Так что отдельные избранные отрасли науки безусловно поддерживались, создавались замечательные условия. Труд ученых там тоже был своеобразный, как вы знаете. Их собрали в одном закрытом комплексе, доставляли туда всё, что угодно. И благодаря этому в общем было сделано.

Конечно, были замечательные таланты. Вы их не хуже, Вы сами назвали, что колоссальный вклад внесла советская разведка. Это и чертеж ядерного заряда, и если мы говорим о ядерном оружии, то речь не только о самом заряде, но и о средствах доставки.
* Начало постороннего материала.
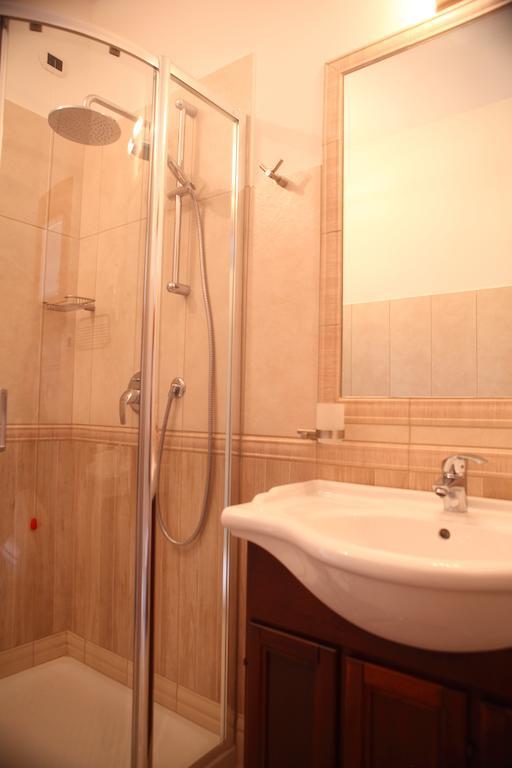 Sweet Appartment Di Guido 佩斯基耶拉德加达 客房 照片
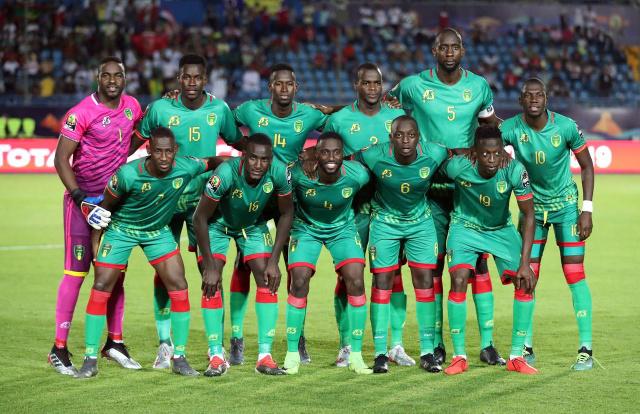 大连人队表现积极取得宝贵积分（大连人奋勇拼搏收获关键积分）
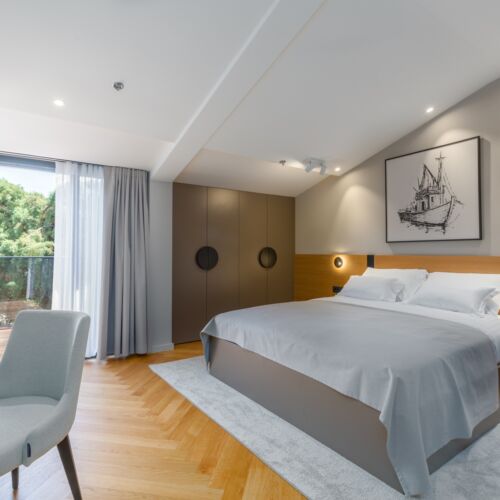 Pokoj s klimatizací s manželskou postelí s výhledem do zahrady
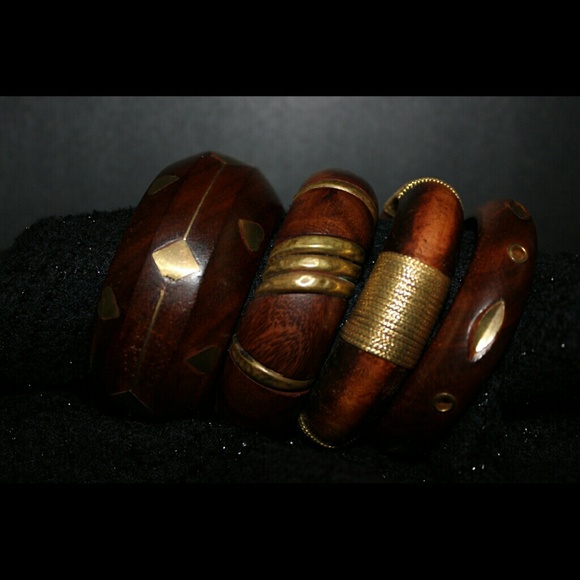 4 Wooden bracelets $15 - Picture 2 of 4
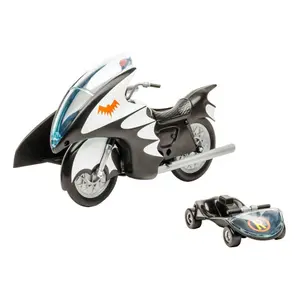 Batcycle vehicle figure with side car McFarlane Toys DC Retro image-4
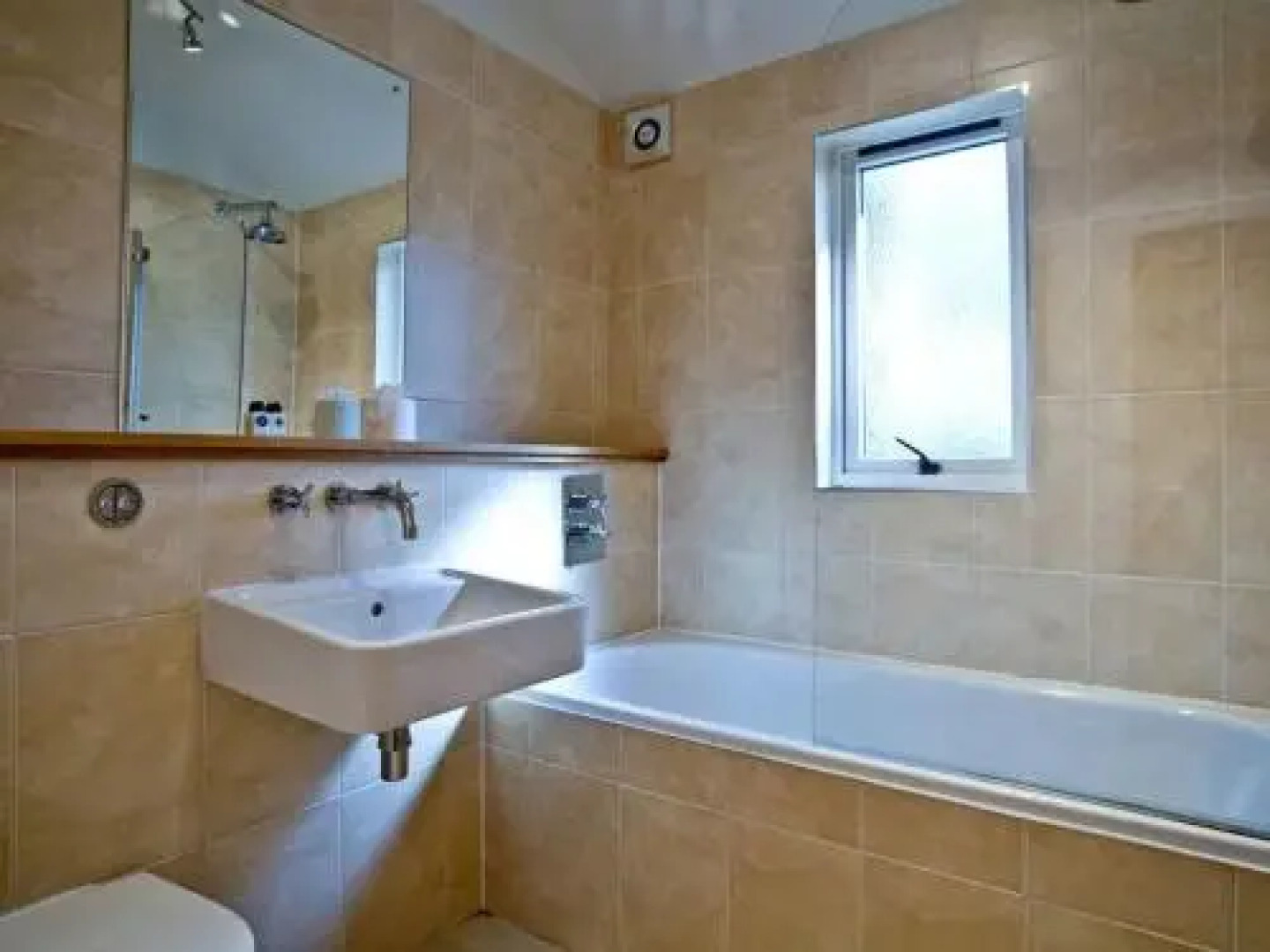 Hunters Lodge - 2 Indio Lake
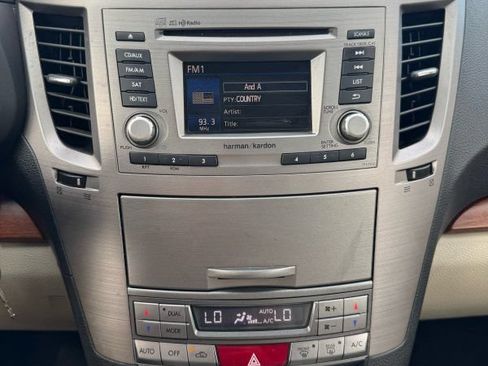 Used 2014 Subaru Outback 2.5i Limited w/ Moonroof Package AWD/4WD image 24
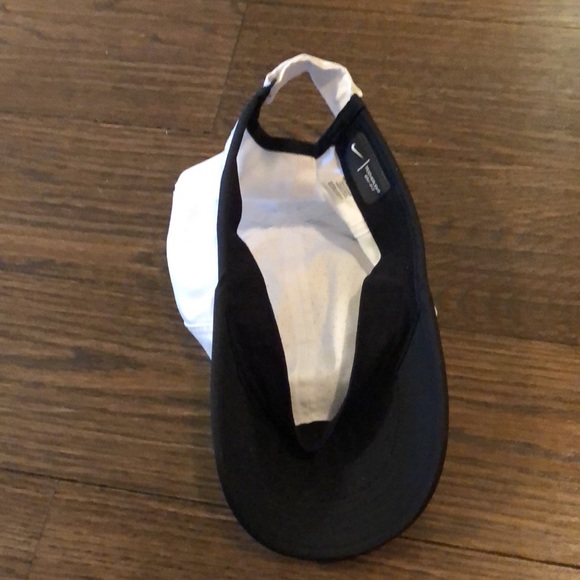 Women’s Featherflight Dri-Fit hat - Picture 4 of 8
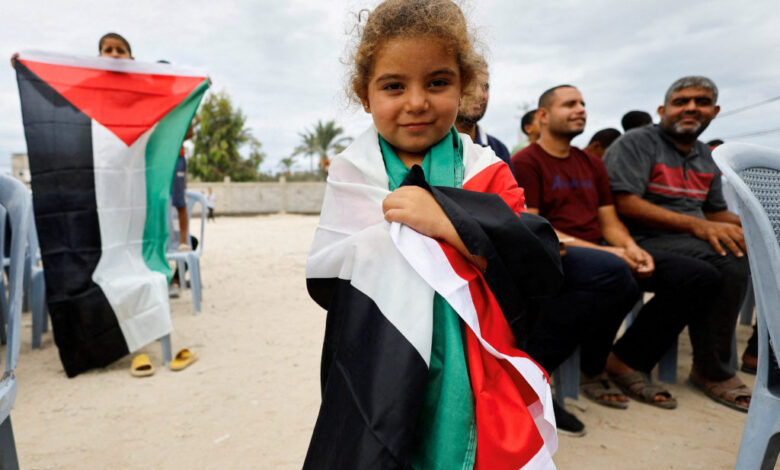 What world leaders said after Trump announced first steps in ...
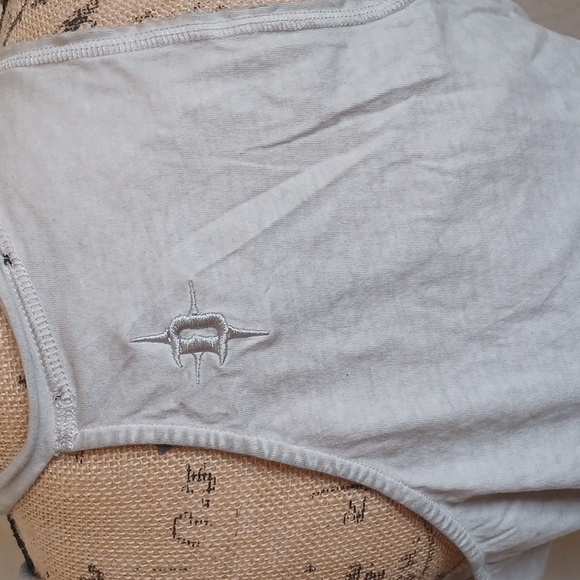 DOLLSKILL DARKER WAVS XXL NATURAL CROPPED TANK WITH HOOKS - Picture 6 of 10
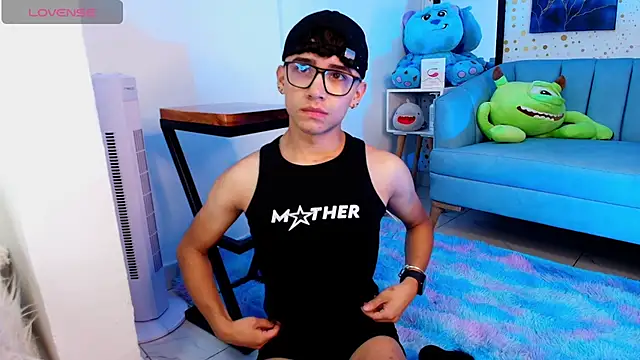 Snapshot of Niico_Cruz chatting on March 2, 2025, 7:21 am Niico Cruz online show from March 2, 2025, 7:21 am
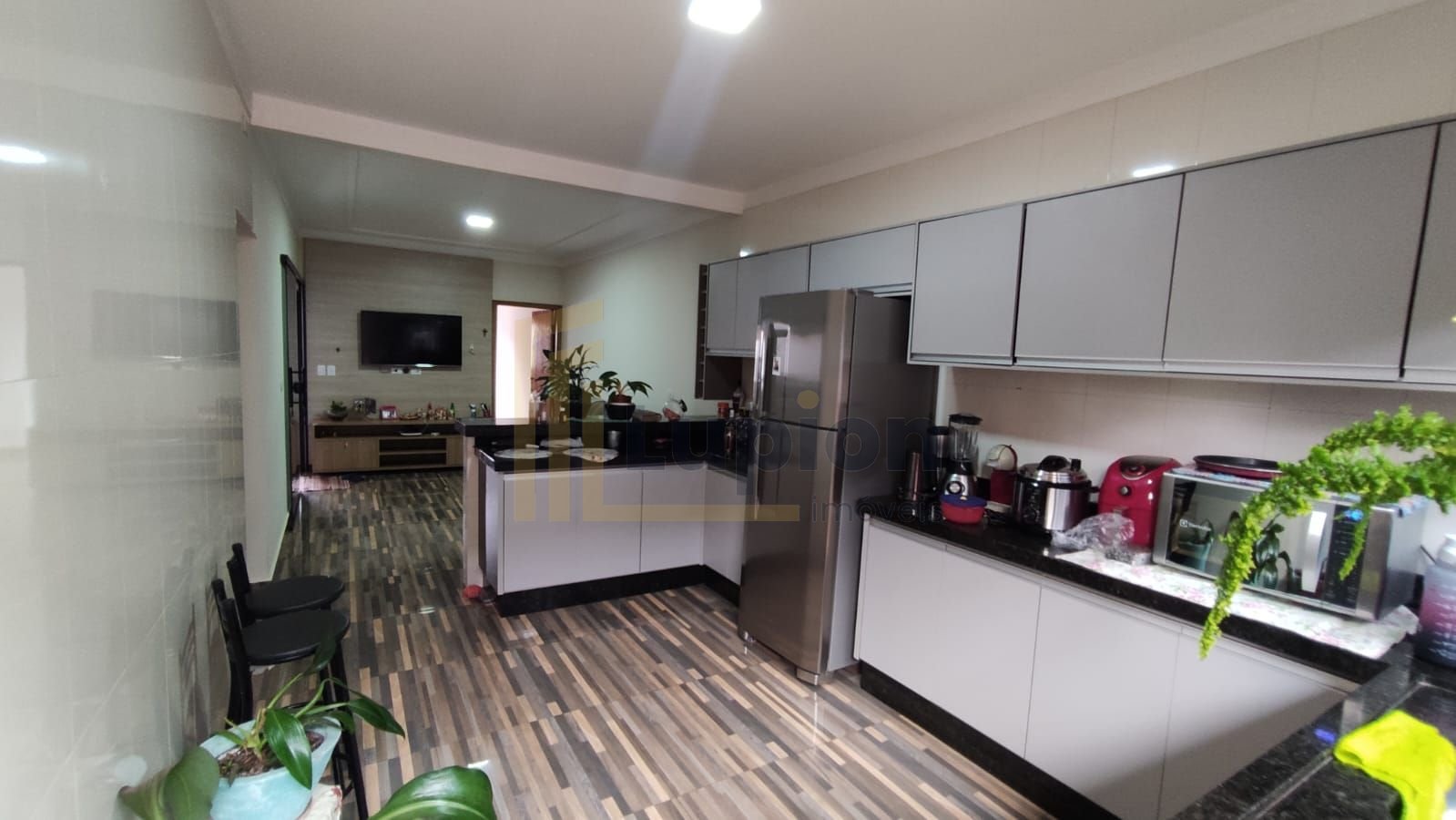 Casa com 3 dormitórios à venda, 112 m² por R$ 300.000,00 - Jar...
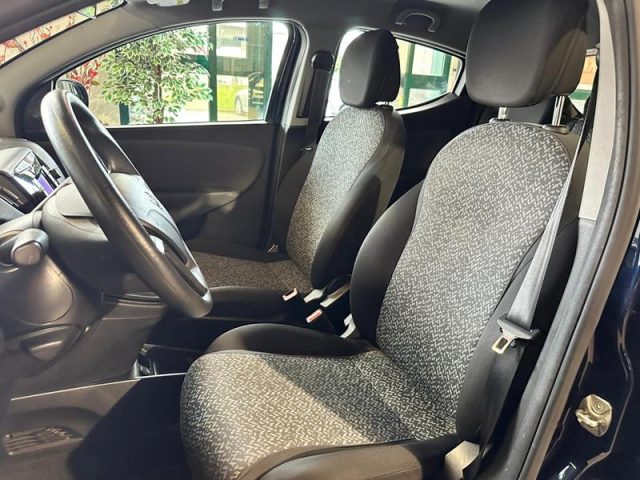 LANCIA Ypsilon usata, con USB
То, что взорвали в 1949 году, было укреплено, как вы знаете на вышке и оно никакой военной составляющей не имело, по сути дела. Его нужно было доставить до цели.

Средства доставки, если мы говорим о США, как о потенциальном противнике, возникло два года спустя, в 51-м году. Я имею в виду самолет ТУ-4, скопированный с американского Б-29. И так далее.

Это всё гораздо более сложная история, чем мы, так сказать, в телевизоре пытаемся разложить очень быстро.

Ещё что я хочу сказать, принудительным назывался только труд заключенных. Всё время считали, сколько было в Гулаге, сколько не в Гулаге. Значит, в СССР не было непринудительного труда, за редчайшим исключением. Я объясню, почему.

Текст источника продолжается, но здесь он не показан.